**Assignment**.
Return the material below exactly, but only from the line with "Maven Lane 26" through the line with "Wholesale - 100pcs", and without its pictures.

**Materials provided**.
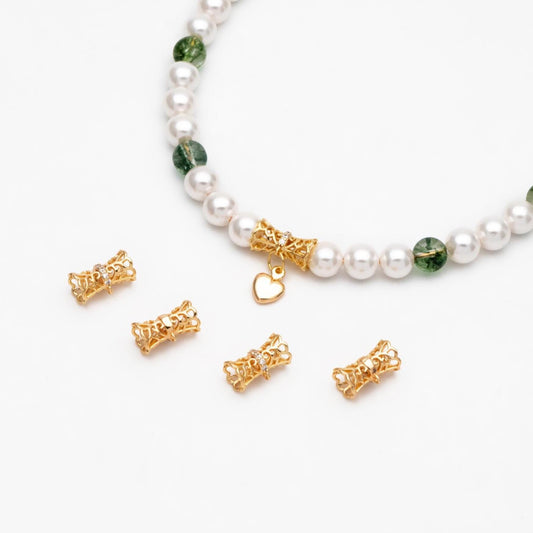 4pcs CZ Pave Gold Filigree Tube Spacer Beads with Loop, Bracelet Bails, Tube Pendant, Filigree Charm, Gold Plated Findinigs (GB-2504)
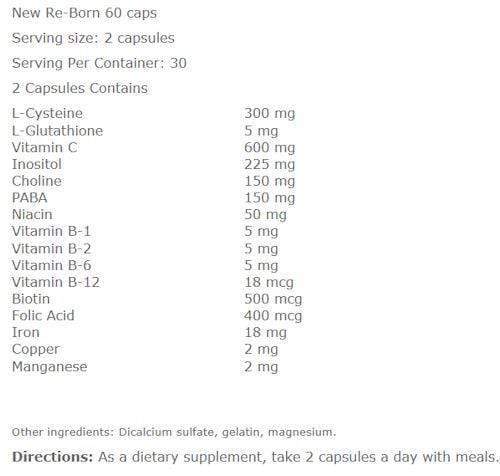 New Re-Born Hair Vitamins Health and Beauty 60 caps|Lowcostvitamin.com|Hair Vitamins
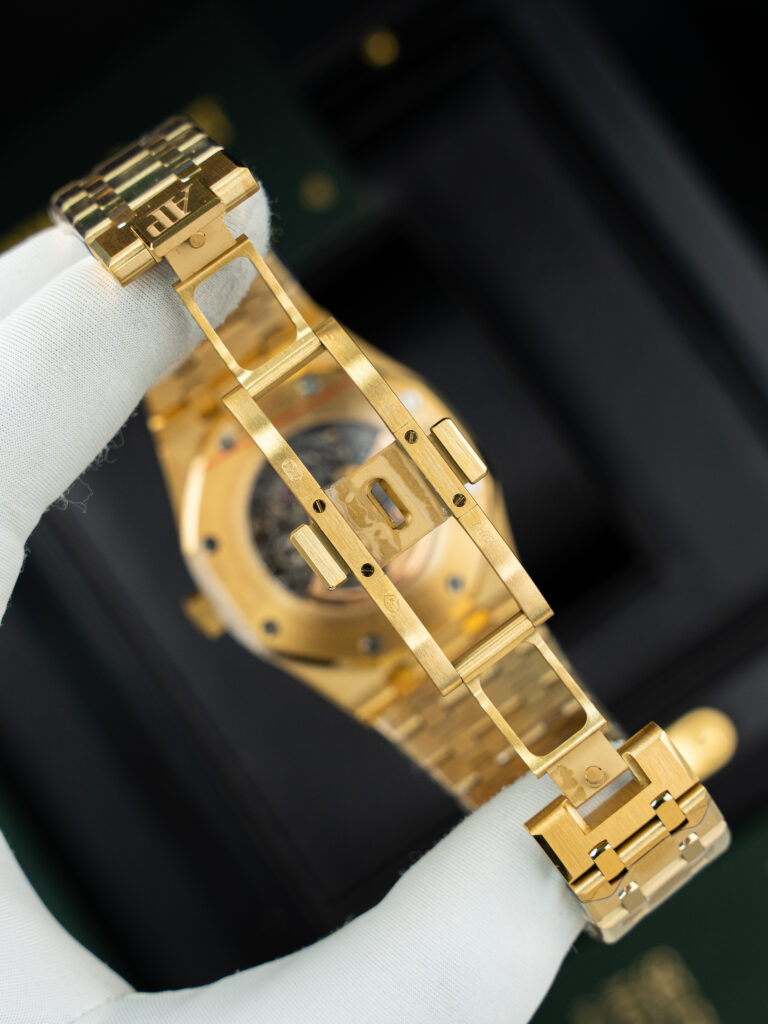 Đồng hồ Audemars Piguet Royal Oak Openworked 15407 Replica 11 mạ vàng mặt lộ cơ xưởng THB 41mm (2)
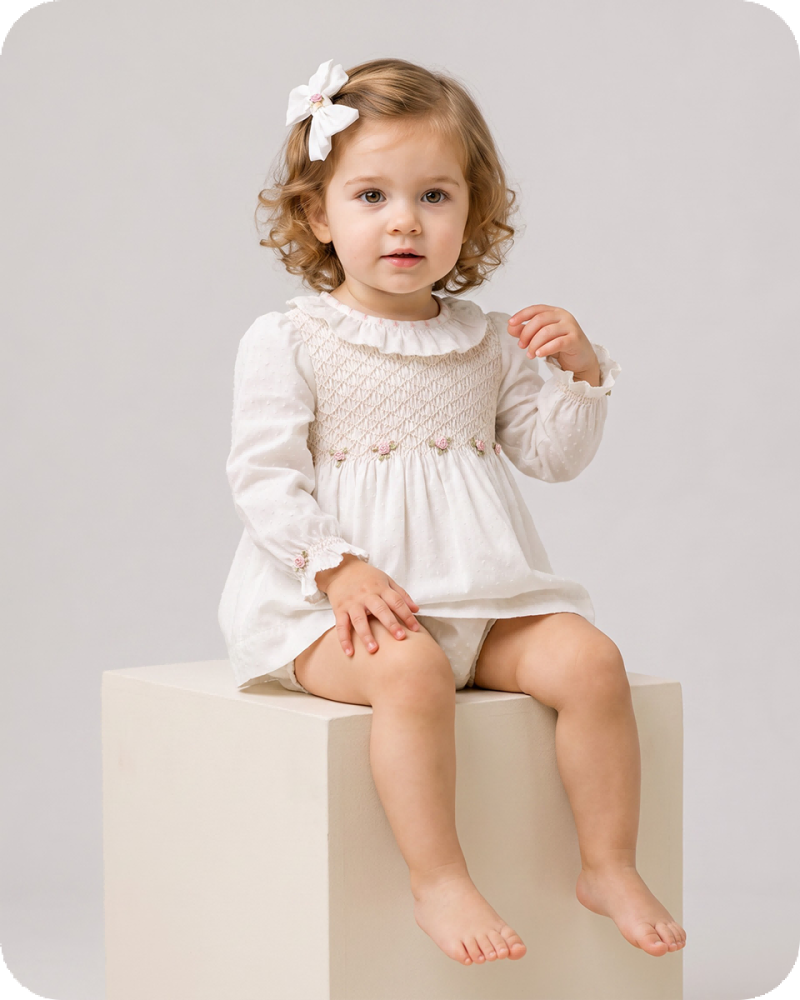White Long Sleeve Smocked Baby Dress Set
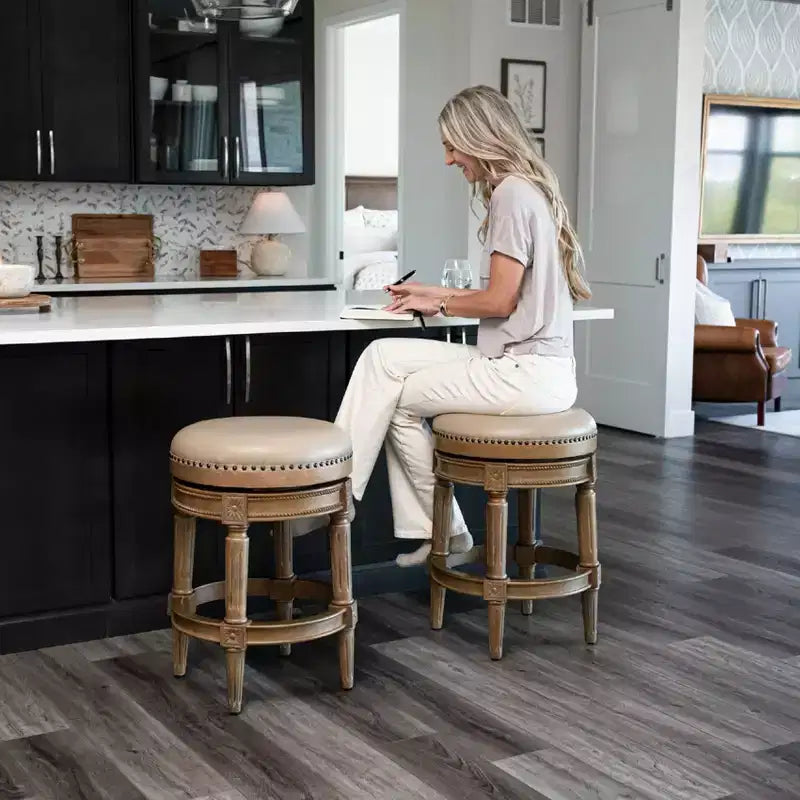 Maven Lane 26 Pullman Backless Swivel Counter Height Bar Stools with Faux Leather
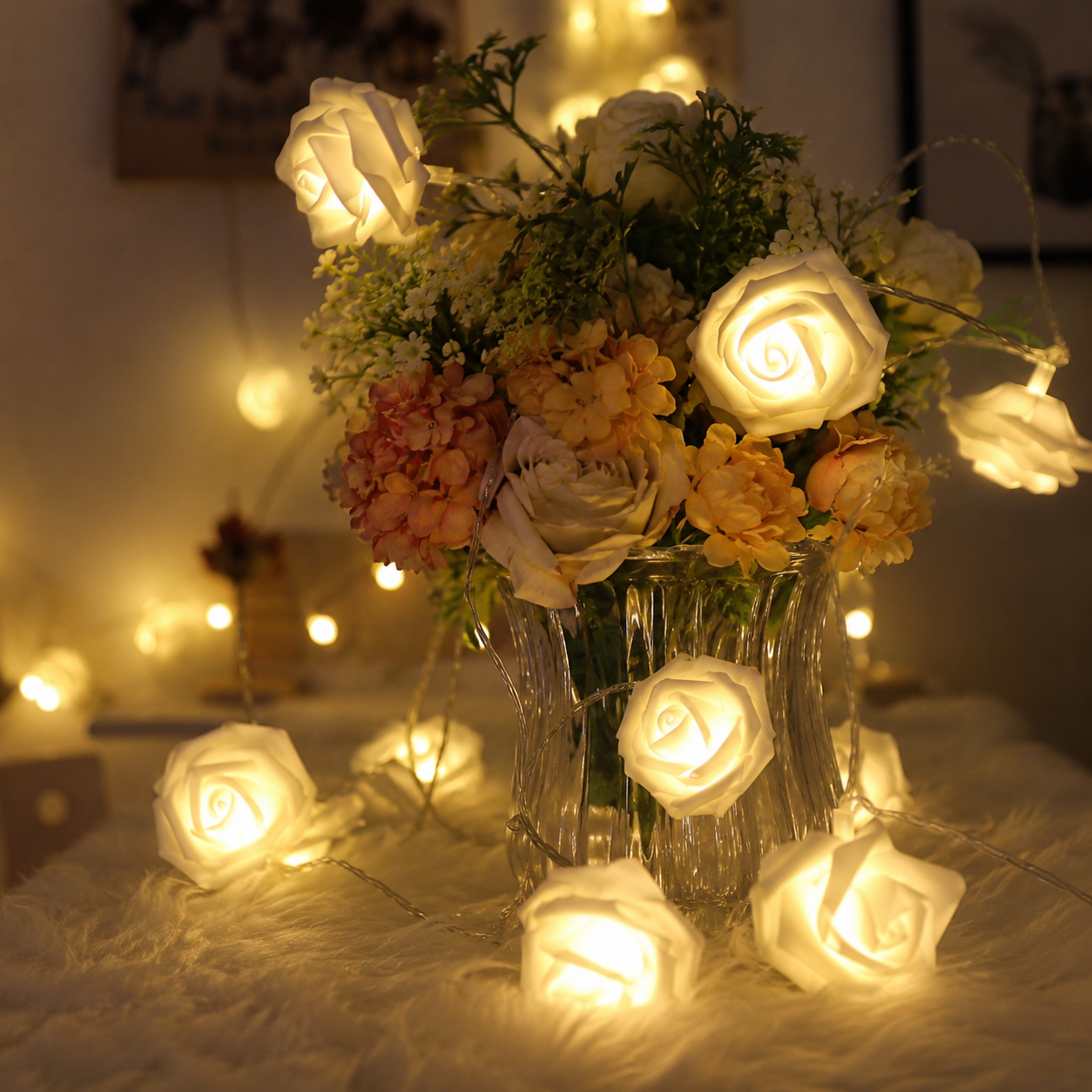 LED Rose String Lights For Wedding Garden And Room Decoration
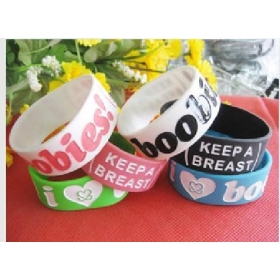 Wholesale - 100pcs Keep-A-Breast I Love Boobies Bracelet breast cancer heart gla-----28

==

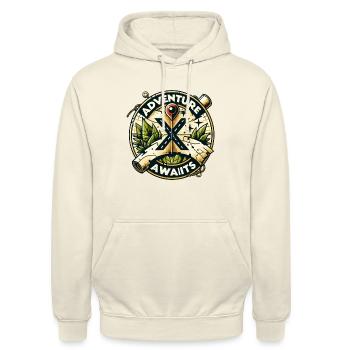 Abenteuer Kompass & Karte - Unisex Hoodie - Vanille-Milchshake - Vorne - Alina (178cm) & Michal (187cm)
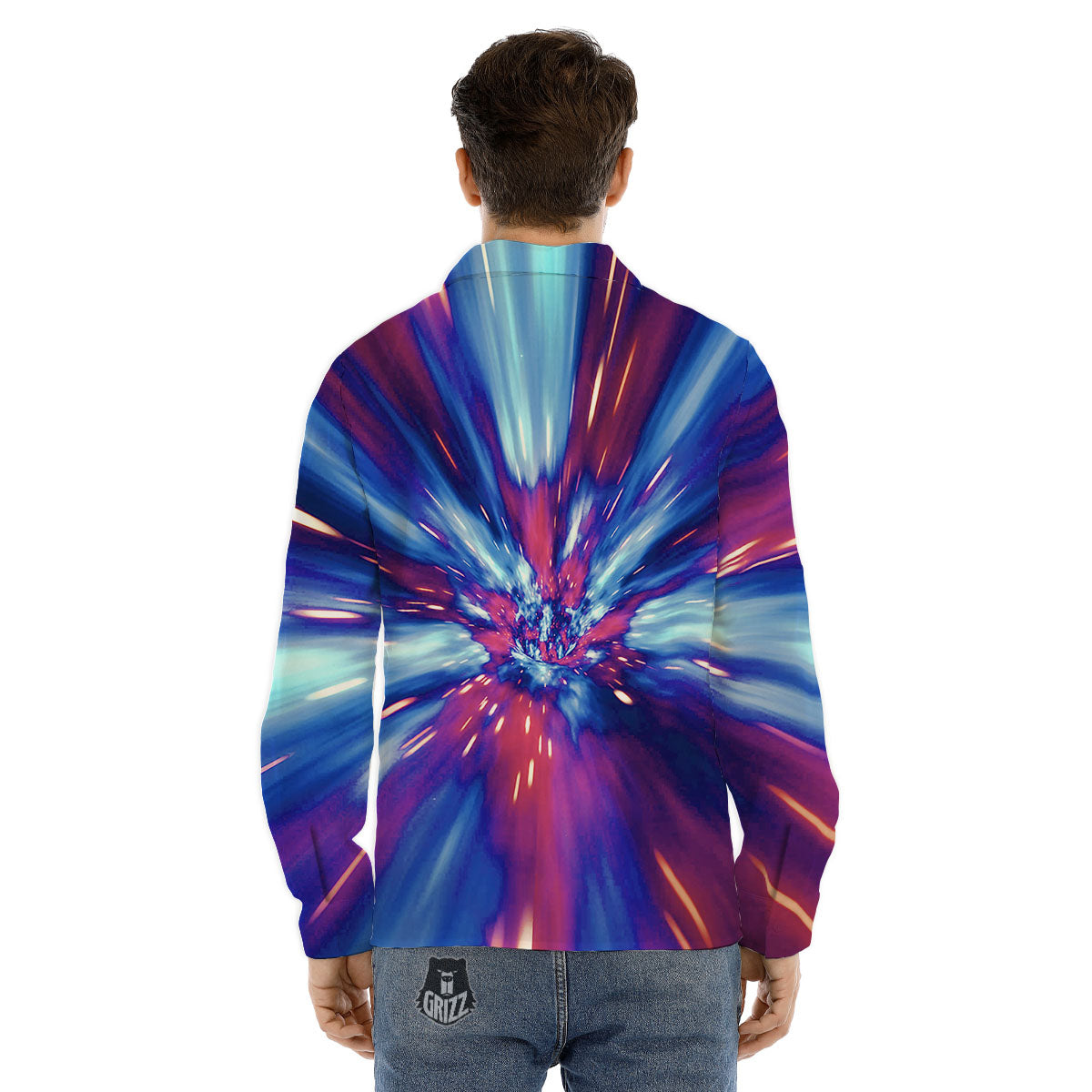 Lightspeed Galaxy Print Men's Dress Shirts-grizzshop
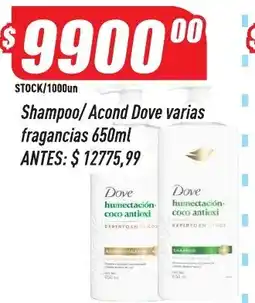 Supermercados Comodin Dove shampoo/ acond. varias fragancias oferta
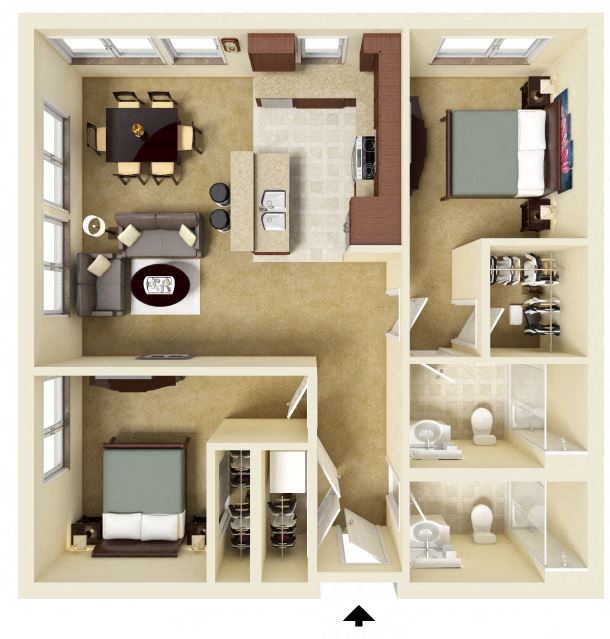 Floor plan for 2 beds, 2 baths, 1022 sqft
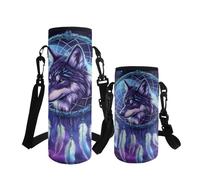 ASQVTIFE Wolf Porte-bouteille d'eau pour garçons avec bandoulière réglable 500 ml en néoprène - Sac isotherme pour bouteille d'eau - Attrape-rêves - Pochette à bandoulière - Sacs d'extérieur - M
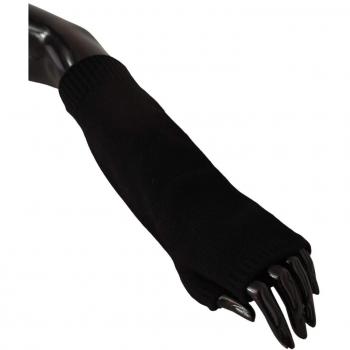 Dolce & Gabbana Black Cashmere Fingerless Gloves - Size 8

**Response to this task**.
 Maven Lane 26 Pullman Backless Swivel Counter Height Bar Stools with Faux Leather
 LED Rose String Lights For Wedding Garden And Room Decoration
 Wholesale - 100pcs Keep-A-Breast I Love Boobies Bracelet breast cancer heart gla-----28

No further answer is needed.